|
|
|
|
|
by rm999
4818 days ago
|
|
This is pretty similar to the approach that many predictive modelers already use: compress data down into 'dummy variables', where each variable represents some attribute. For example, you could convert the variable state into 51 dummy variables, one for california, one for DC, etc. Hashing makes the programming a little easier and helps avoid throwing out data in the long-tail of the distribution when the number of possible values is very high. It's common in NLP exactly because of this. Hashing comes with costs though. It's much harder to interpret a model with hashed variables because the variables lose meaning. Also, some information may get thrown out; as OP mentions integers may have continuous meaning and categorizing them can really damage the model.

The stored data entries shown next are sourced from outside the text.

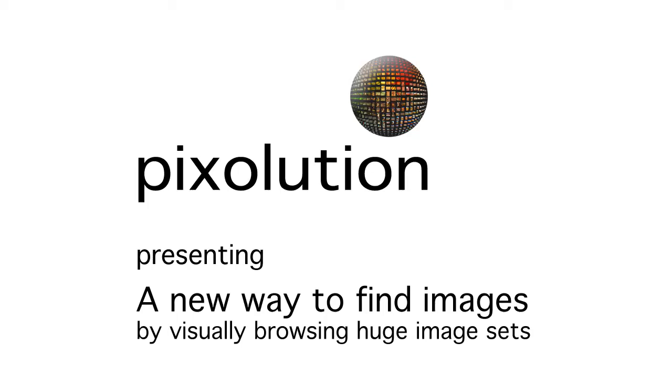Hello, my name is Kai Bartl from PixSolution. PixSolution is a company offering new innovative technologies for visually sorting and searching of images. Today I would like to introduce a new image search system that we have developed.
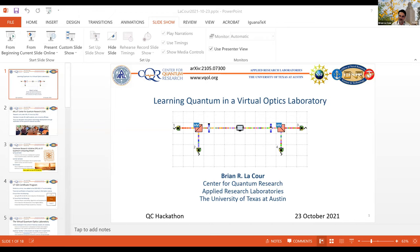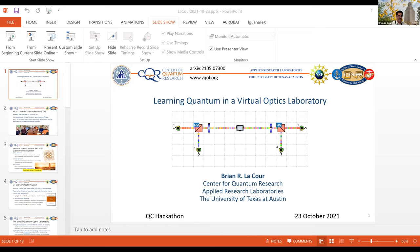I know you guys have been deep in Qiskit and all that. I'm going to talk today about a little bit more physics-oriented stuff, and in particular, introduce you to a simulation tool that we use for simulating experimental quantum optics. We've only been here since 2015.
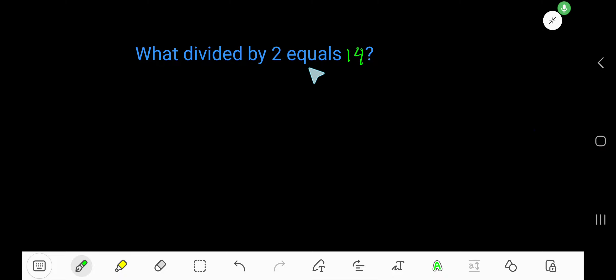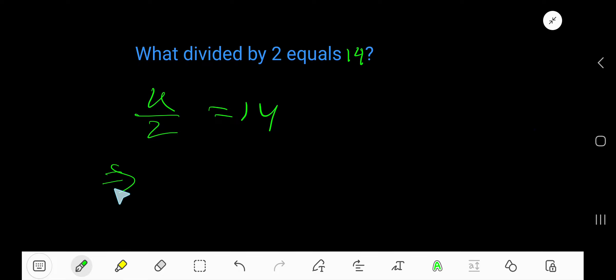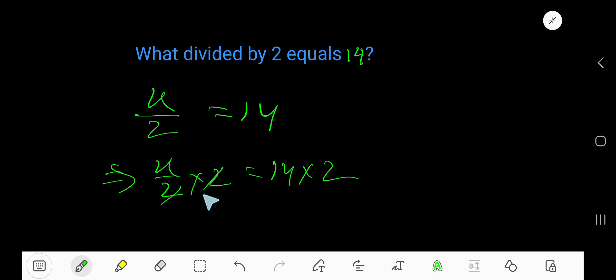What divided by 2 equals 14? Let's say x divided by 2 equals 14. Now find out the value of x. Multiply both sides by 2 — the 2s cancel — so you are getting x equal to 14 times 2.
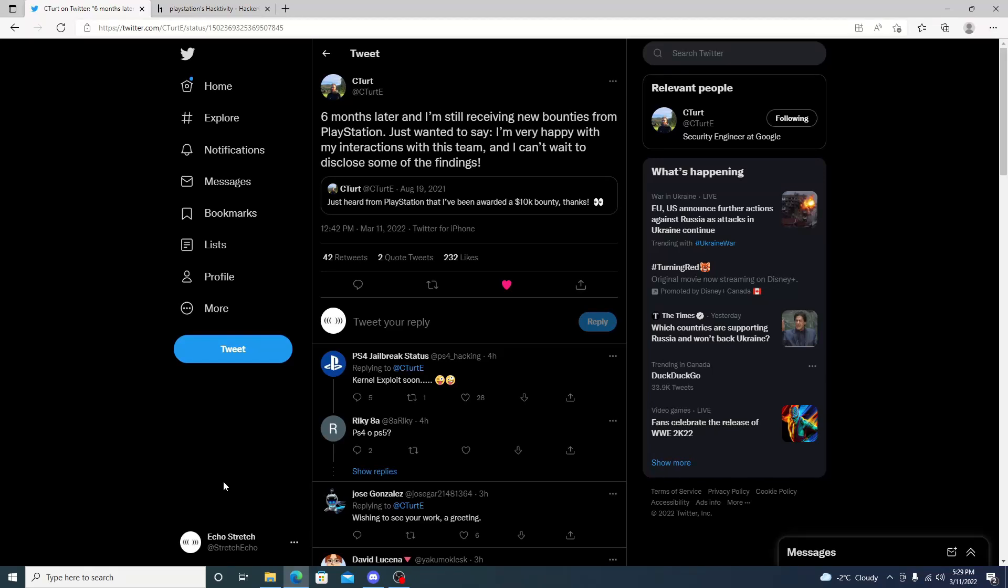Hello, welcome back to the channel. It's Echo Stretch. In this video, I want to go over some new information that C-Turt just tweeted out approximately four to six hours ago. If you take a look at his Twitter, it says six months later and I'm still receiving new bounties.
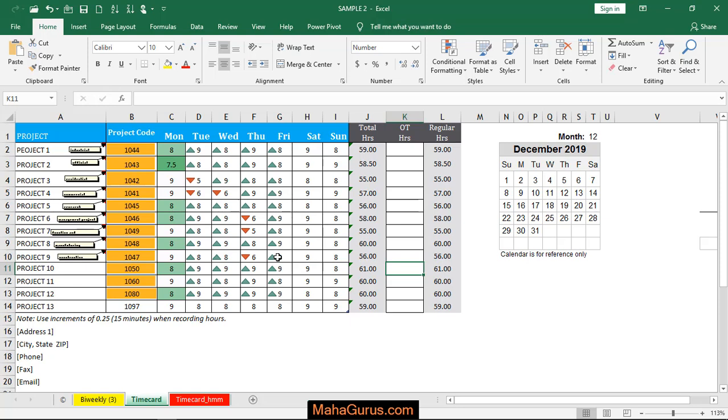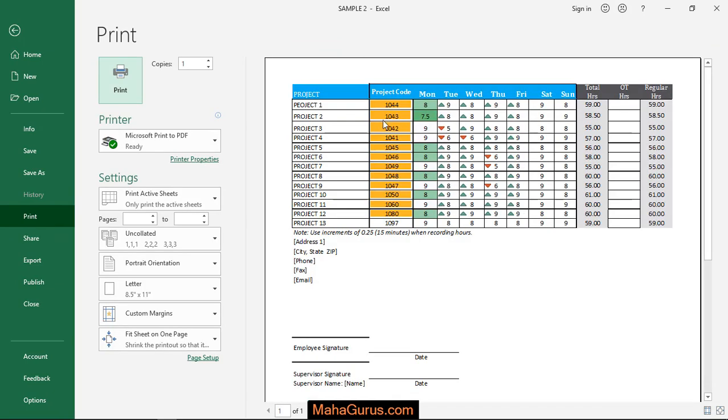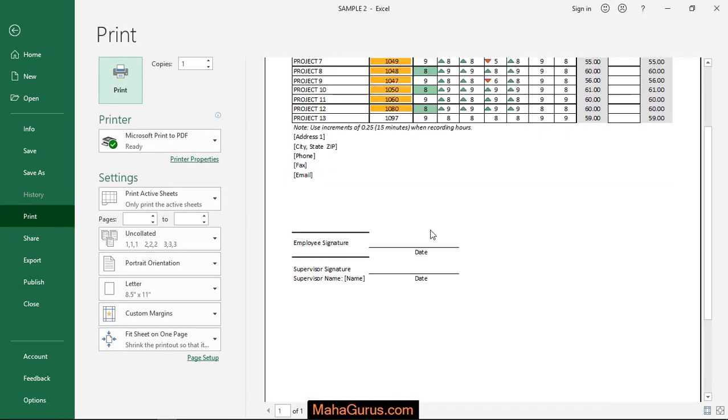To print, we need to have a print preview. Just press Ctrl plus P and here is the print preview. Let's suppose all the settings required to print a page are done.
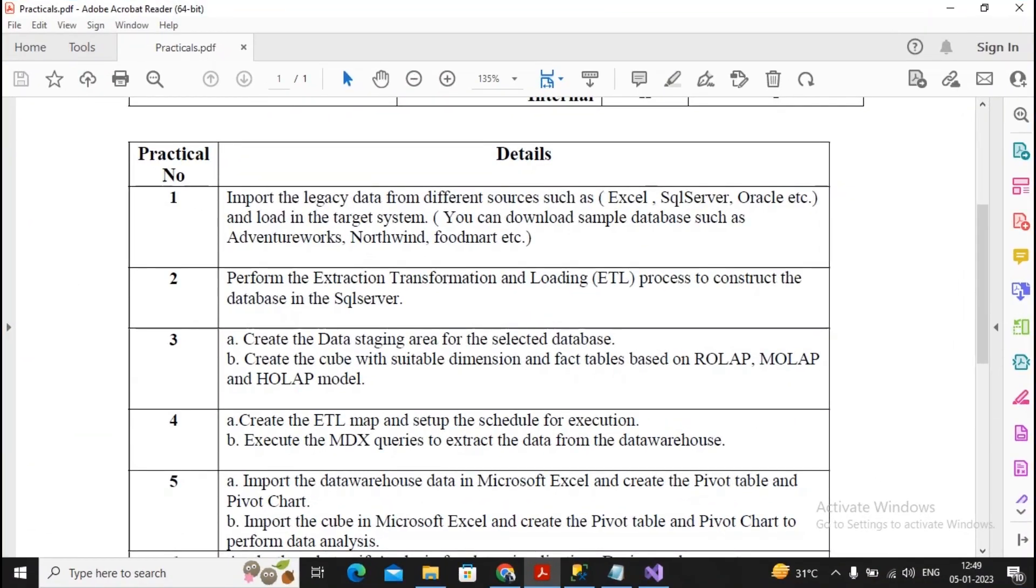Welcome students. In this video we will complete our practical number 4b, that is executing the MDX queries to extract the data from the data warehouse.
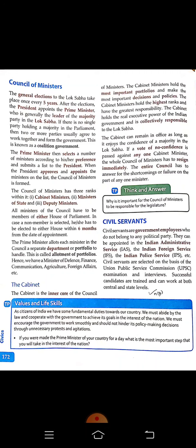The Prime Minister allots each member in the Council a separate department or portfolio to handle — this is called allotment of portfolios. For example, portfolios include Ministry of Defence, Finance, Communication, Agriculture, Foreign Affairs, etc. The cabinet is the inner core of the Council of Ministers. Cabinet Ministers hold the most important portfolios, make the most important decisions and policies, hold the highest ranks, and have the greatest responsibility. The cabinet holds the real executive power of the Indian government and is collectively responsible to the Lok Sabha.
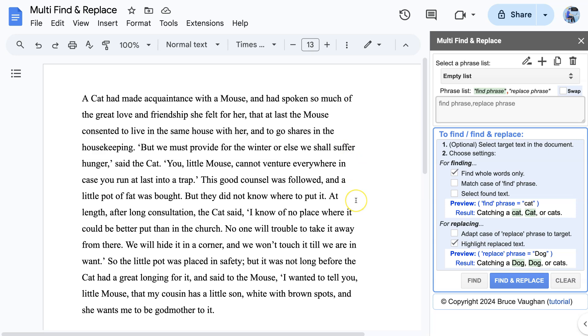For demonstration purposes, I'm going to use this story about a cat and a mouse. We will change it to a story about a lion and a sheep.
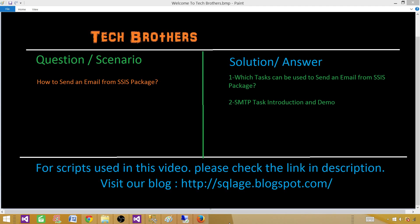Welcome to Tech Brothers with Ahmed. Today we are going to learn how to send an email from an SSIS package. Why do we need to send an email? First of all, because if we are running a lot of packages, the packages can fail or they can complete.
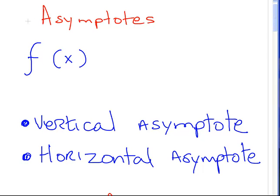In this presentation, we're going to look at asymptotes. This is part of curve sketching, and we have a function here, f of x. What we might be interested in is the vertical asymptotes or the horizontal asymptotes.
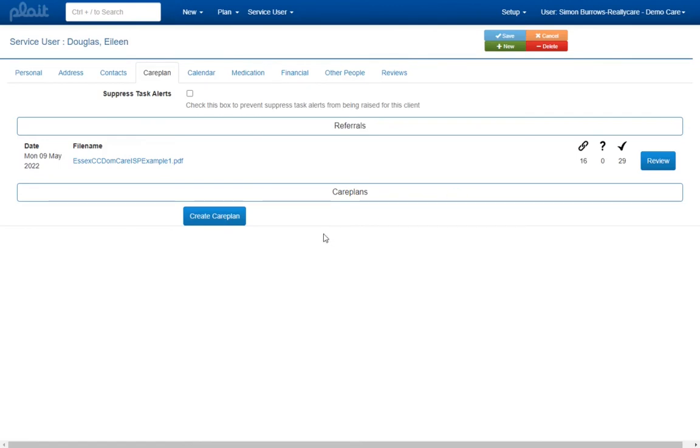Before we wrap up I'd like to mention that in some cases data from a referral may not be used to populate a service user record but may instead be used to populate sections of their care plan. We'll look at how this works in a future video, but suffice to say for now that fields that are unlinked when you first import an electronic referral may become linked once you have created an initial care plan for the new service user.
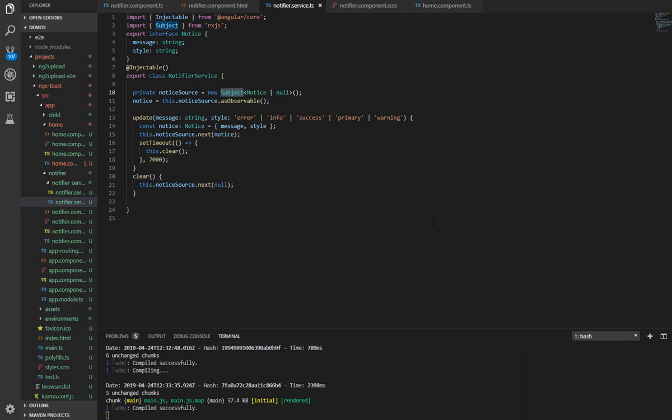Subject is a special case observable that works as an event listener that can maintain many listeners. That way we are able to multicast values from different components in our application.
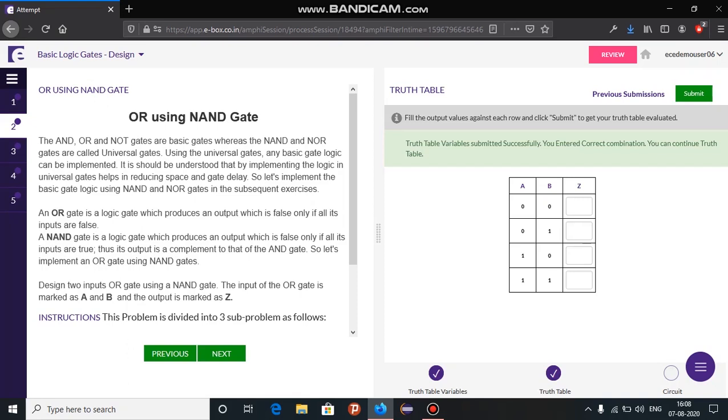Now, the truth table variables are submitted successfully. You need to now continue with the truth table.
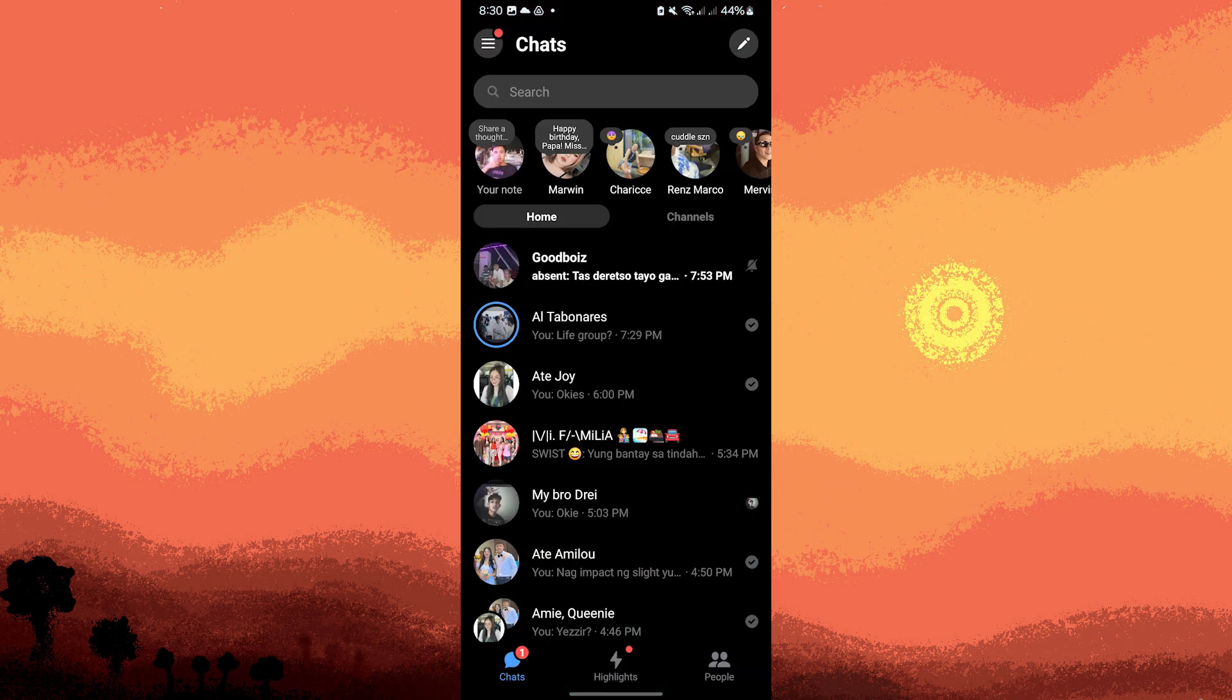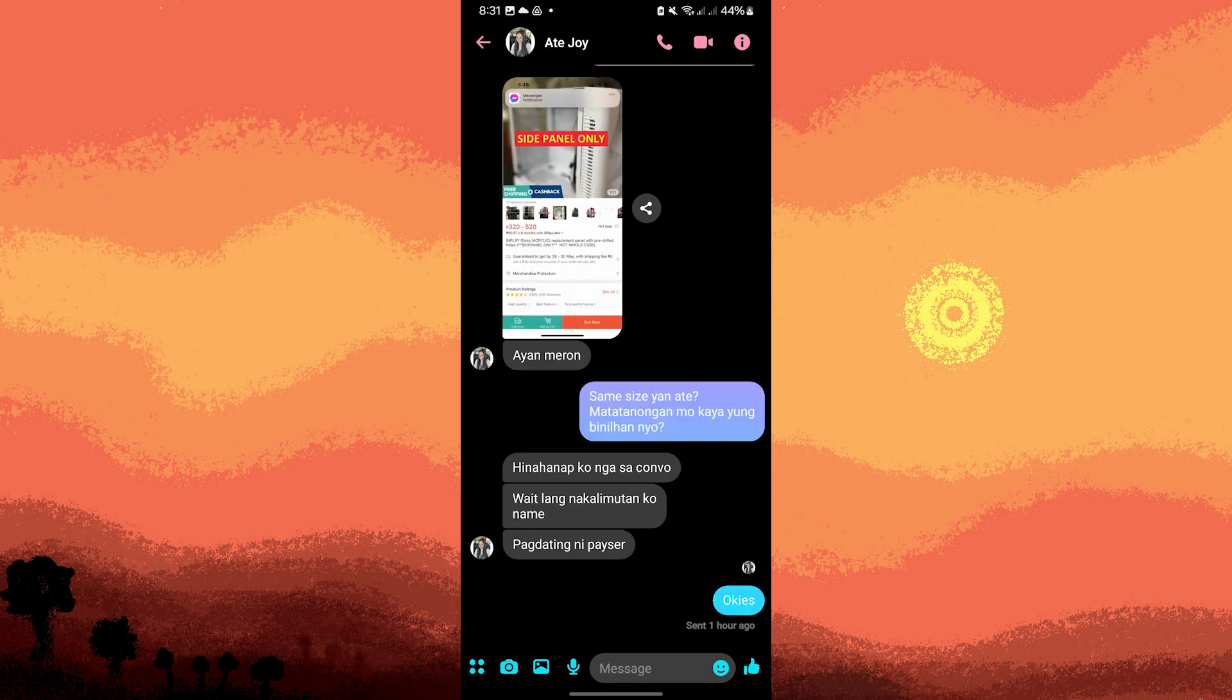Then tap on the conversation whose history you want to clear. This will open the conversation thread. At the top of the conversation, you'll see the name or profile picture of the person you're chatting with. Tap on it to open the conversation settings.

If you have a very large dataset it probably won't matter because most modeling methods asymptotically converge (i.e. as you have more and more data the model can learn that 333 and 334 are similar just by seeing enough examples that this is the case), but if you don't you could be throwing out valuable information. In a case like this I suppose the modeler could manually go in and convert his integers to floats to 'tell' the algorithm the data is continuous. |
|
When you say "hashing makes the programming a little easier," I think you hit the nail on the head. I'm not trying to improve classification accuracy -- my goal was just to make it as easy as possible to learn on arbitrary structured data.